DME 3kgs plus 300 grams dextrose
3/4 lb. Crystal 40. 250 grams
1/2 lb. wheat. 250 grams

1.1 ounce Columbus, 60 min, 30 grams.
.7 oz centennial 15 mins 20 grams
.7 oz simcoe, 15 min 20 grams
.5 oz Columbus, 15 min 10 grams
.7 oz centennial, 0 min 20 grams
.7 oz simcoe, 0 min 20 grams
.7 oz Columbus, 0 min 10 grams
.5 oz centennial, Dry Hop 7 days 14 grams
.5 Columbus Dry Hop 7 days 14 grams
.5 oz Simcoe Dry Hop 7 days 14 grams

Hey guys I have just racked this beer into my secondary it's been 3 days and I'm worried that my beer might taste a little grassy, i have read it's better to dry hop ( 5 to 7 days ) any thoughts on this recipe or does the dry hop schedule sound ok for this IPA? I havnt done this before so it's new to me. Cheers


----------



## Kranky (7/4/15)

Seems pretty light on to me but I often dry hop at 10g/l and that's not for everyone. The beer should be fine barring incident. If you are going to bottle condition some of the oil from the dry hops will dissipate.


----------



## brewtopbeer (7/4/15)

Yes I will be bottle conditioning, I have read that the hops should drop all the way to the bottom between 5 to 7 days so hope it all goes well. 10g/l that's a fair bit, does your beer taste grassy? Do you bottle condition? How long do you leave your beer before tasting with all those dry hops?


----------



## manticle (7/4/15)

Some hop types are more inclined to grassiness than others. Taste your beer after a couple of days and ascertain the level of hop. Package if it's getting too much.
When I've had more character than preferred from dry hop (I'm not into massively dry hopped beers anyway), I've found time, carbonation and patience work well - those flavours integrate/dissipate


----------



## Kranky (7/4/15)

The hops dont always drop out but if you cold crash they will. Keep in mind some hops will drop to the bottom of your fermenter from the first day and the samples you are tasting will be a lot more hoppy then the rest of the beer.

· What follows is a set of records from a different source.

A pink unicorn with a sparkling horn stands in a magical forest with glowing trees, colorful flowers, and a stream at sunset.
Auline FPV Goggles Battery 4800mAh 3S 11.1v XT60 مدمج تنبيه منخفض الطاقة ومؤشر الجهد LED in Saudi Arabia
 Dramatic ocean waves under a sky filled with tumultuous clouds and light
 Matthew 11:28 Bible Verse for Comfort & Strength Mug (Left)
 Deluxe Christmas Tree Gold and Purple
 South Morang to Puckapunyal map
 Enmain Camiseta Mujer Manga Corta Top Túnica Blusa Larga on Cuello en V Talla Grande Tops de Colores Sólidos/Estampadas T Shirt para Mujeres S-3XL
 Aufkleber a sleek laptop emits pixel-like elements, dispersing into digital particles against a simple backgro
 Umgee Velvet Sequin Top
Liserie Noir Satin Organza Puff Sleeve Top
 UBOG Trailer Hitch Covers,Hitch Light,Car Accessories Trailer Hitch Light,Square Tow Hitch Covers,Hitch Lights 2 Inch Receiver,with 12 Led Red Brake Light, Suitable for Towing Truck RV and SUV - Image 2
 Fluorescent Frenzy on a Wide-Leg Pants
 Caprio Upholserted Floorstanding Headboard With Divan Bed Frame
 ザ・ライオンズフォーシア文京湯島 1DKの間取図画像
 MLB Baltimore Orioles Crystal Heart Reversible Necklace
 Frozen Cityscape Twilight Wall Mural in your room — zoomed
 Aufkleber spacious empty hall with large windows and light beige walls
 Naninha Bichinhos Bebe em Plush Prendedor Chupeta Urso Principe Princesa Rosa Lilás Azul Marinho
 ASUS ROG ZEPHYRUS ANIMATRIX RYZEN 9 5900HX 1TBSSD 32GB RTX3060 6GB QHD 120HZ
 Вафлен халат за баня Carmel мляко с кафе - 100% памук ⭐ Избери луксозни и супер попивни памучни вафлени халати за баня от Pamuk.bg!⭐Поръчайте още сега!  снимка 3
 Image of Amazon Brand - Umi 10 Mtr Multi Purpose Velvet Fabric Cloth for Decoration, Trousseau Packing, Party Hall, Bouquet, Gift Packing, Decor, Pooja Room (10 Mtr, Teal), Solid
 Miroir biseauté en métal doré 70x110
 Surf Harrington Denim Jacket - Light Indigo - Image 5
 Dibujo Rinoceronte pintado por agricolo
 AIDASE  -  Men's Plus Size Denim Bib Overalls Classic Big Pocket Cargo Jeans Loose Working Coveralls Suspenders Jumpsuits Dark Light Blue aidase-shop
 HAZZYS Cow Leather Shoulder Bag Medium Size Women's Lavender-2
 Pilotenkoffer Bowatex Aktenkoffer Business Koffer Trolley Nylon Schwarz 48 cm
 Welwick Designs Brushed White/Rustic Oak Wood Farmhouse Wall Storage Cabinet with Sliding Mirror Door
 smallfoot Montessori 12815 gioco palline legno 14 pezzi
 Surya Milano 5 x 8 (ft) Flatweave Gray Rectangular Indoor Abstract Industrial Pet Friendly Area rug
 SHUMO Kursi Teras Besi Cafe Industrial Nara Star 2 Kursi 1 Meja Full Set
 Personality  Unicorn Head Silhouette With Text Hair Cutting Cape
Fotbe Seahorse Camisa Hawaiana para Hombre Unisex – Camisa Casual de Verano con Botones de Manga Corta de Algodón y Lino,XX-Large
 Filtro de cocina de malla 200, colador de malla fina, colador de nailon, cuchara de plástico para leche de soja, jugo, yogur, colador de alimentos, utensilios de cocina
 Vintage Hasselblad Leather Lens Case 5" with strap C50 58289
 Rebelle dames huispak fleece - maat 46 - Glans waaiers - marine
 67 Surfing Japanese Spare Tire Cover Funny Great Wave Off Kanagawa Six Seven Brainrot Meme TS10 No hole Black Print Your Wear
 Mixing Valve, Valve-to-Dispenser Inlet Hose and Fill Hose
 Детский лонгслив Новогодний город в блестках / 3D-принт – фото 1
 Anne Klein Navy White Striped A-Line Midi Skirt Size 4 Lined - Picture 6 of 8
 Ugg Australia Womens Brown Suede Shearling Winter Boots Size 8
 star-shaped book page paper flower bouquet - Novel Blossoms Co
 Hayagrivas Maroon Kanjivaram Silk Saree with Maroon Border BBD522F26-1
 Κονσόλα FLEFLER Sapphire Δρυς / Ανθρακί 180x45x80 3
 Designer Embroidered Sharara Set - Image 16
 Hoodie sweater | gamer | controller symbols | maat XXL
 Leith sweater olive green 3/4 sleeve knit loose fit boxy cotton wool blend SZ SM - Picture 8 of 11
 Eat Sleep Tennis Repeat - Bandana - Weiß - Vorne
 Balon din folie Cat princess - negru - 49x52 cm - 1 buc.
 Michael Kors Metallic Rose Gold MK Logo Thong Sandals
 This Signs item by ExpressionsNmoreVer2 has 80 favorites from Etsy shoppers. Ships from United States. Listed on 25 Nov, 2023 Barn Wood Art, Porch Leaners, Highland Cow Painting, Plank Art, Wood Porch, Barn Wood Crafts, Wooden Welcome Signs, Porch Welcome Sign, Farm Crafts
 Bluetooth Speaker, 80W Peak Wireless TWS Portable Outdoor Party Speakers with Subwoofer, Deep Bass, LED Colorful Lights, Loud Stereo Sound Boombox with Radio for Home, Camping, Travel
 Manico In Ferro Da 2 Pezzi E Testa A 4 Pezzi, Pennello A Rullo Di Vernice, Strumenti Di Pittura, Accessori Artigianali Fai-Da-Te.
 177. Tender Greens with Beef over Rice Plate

I keg and force carb so I start drinking my beer the day I keg, usually. I find that after the beer is chilled any remaining hops in the beer drops to the bottom and is drawn on the first pour, which I usually tip. The beer never tastes grassy to me, it could to other people though. What I do find is the the beer changes from day to day. Not a lot but it does become a little bit less hoppy every day. If the beer lasts past the 3 week mark it is a lot less hoppy.

I'd suggest you just stick with your recipe and when it is ready see what you think about it, then decide what adjustments to do next time you brew it.


----------



## brewtopbeer (7/4/15)

Cheers manticle for your feedback, I will taste it now and see, what will happen if I like the flavour then bottle it and the hop pellets are floating while I'm bottling? Will this ruin flavour and aroma?


----------



## brewtopbeer (7/4/15)

Cheers kranky, I will be kegging in the next couple of months and I'm looking forward to it. Thanks again mate


----------



## manticle (8/4/15)

Bit if floaties generally doesn't hurt although in some instances, they may encourage gushing.
If the flavour is right, you could gently transfer so you leave behind the bulk of sediment and let settle a bit more.


----------



## brewtopbeer (8/4/15)

Cheers manticle appreciate it. Take care and talk again soon.


----------